Reading this, all I can think of is Frank Drebin: “Hey, the missing evidence in the Kelner case! My God, he really was innocent.” “He went to the chair two years ago, Frank.”

Brady’s not going to the chair, though. And this still leaves one obvious question unanswered.

In a usually obscure profession that has received extraordinary attention during the controversy, some academic and research physicists now concede that they made a crucial error in their initial calculations, using an equation called the ideal gas law.

When that error is corrected, the amount of deflation predicted in moving from room temperature to a 50-degree field is roughly doubled. [Thomas] Healy, a graduate student in mechanical engineering at Carnegie Mellon University in Pittsburgh, went further: He measured the pressure drop in 12 footballs when they were moved from a room at 75 degrees to one at 50 degrees (the approximate temperature on the field in the Colts game).

In the experiment, the deflation of the footballs was close to the larger, correctly calculated value. When Healy moistened the balls to mimic the effects of the rainy weather that day, the pressure dropped even further, close to the deflation of 2 pounds per square inch that the N.F.L. is believed to have found.
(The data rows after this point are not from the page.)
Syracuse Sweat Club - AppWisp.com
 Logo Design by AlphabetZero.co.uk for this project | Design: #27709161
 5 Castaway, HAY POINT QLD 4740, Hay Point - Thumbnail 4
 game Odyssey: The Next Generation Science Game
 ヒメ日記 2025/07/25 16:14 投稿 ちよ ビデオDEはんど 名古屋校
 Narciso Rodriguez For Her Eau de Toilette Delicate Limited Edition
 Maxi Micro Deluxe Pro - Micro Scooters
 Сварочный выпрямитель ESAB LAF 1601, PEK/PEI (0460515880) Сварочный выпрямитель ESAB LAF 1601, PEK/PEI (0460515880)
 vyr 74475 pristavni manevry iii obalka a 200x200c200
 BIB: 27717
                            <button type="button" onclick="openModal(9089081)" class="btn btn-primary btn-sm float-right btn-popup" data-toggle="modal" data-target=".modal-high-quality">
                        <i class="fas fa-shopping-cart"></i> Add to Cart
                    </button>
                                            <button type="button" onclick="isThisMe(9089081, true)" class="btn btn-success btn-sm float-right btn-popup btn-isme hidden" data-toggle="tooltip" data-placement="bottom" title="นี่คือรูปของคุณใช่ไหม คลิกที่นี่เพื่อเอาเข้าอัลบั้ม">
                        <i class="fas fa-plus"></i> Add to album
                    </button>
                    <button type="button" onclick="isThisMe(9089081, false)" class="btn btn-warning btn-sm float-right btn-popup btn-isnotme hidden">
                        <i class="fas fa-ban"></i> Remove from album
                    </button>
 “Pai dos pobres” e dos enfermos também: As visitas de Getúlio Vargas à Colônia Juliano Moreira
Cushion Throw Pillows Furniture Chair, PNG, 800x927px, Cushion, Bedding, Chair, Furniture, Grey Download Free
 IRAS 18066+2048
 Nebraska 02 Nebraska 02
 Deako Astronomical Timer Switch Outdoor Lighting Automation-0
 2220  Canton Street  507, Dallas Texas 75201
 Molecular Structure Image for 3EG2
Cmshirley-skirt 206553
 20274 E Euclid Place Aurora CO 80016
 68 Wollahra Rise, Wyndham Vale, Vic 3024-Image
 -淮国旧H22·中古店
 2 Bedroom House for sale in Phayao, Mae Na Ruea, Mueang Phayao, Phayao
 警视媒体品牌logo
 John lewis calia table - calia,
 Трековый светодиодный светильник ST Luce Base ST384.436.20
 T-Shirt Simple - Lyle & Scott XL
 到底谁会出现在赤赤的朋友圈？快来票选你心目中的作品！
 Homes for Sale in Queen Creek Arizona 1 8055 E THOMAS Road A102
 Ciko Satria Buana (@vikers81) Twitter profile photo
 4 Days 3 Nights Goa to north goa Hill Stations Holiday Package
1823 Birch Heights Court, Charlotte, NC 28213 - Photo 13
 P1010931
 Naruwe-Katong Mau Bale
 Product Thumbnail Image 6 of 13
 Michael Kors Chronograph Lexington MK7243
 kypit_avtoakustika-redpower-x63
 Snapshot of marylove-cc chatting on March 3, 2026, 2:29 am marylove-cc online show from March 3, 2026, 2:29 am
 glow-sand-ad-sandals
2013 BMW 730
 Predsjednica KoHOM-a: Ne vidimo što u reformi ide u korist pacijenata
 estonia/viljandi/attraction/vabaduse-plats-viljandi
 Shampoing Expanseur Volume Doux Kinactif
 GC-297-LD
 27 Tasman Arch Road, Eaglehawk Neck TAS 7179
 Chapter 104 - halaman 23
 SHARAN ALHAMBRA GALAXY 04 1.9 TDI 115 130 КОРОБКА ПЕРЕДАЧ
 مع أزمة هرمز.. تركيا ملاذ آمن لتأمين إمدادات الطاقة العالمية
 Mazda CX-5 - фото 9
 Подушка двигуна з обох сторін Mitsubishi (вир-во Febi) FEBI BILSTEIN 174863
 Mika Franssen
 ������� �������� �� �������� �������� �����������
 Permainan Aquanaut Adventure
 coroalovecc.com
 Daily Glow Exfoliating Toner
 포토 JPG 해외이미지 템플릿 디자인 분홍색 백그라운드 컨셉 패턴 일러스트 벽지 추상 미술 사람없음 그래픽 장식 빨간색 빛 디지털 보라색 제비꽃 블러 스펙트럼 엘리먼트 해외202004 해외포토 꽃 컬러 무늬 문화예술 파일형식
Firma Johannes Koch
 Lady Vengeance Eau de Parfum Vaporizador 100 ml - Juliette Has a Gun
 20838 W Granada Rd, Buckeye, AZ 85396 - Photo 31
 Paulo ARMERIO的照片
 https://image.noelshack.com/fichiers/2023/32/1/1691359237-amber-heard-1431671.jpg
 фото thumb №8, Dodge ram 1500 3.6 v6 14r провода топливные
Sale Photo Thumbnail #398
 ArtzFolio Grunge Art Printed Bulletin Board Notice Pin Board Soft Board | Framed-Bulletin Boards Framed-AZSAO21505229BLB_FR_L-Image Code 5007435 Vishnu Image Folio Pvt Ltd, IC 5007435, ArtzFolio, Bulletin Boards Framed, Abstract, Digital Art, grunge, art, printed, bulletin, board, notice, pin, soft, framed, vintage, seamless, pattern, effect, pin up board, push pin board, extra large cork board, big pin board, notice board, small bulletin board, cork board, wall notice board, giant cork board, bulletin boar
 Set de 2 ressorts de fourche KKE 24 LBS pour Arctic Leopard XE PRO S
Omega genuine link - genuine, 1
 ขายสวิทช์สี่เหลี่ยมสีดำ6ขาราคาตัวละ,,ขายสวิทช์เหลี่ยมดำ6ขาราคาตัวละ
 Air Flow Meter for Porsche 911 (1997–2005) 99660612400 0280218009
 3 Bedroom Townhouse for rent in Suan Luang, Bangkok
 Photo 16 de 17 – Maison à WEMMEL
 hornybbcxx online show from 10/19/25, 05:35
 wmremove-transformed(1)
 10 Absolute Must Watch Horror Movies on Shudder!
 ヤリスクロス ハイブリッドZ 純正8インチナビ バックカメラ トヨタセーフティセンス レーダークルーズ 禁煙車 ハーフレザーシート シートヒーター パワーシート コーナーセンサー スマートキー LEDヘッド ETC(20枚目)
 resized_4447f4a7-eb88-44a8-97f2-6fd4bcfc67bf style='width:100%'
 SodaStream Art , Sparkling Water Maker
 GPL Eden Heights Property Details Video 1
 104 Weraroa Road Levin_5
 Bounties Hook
Inflate a ball at a warmer temperature and then introduce it to a cooler environment and it’ll deflate (a little) naturally. We already knew that. What we didn’t know was how much it would deflate, apparently enough to drop the pressure below the lower threshold allowed by the NFL. So, mystery solved: The Pats are innocent! As for that Patriots locker-room attendant who brought the game balls for both teams with him into the bathroom for 90 seconds before kickoff, maybe it was a simple matter of nature calling. Maybe he went into the referees’ locker room to take the footballs out for the start of the game and then thought “I should take a whiz now or else I won’t make it to halftime.” So he made a pit stop en route to the field. No one believes he could manually deflate 12 balls in a minute and a half; he probably could have run the Pats’ footballs under the faucet quickly in that time to encourage more rapid deflation, but that assumes the guy has the same handle (or even a better handle) on how gas behaves than many physicists. What’s he doing working as a ball boy when he could be teaching at MIT?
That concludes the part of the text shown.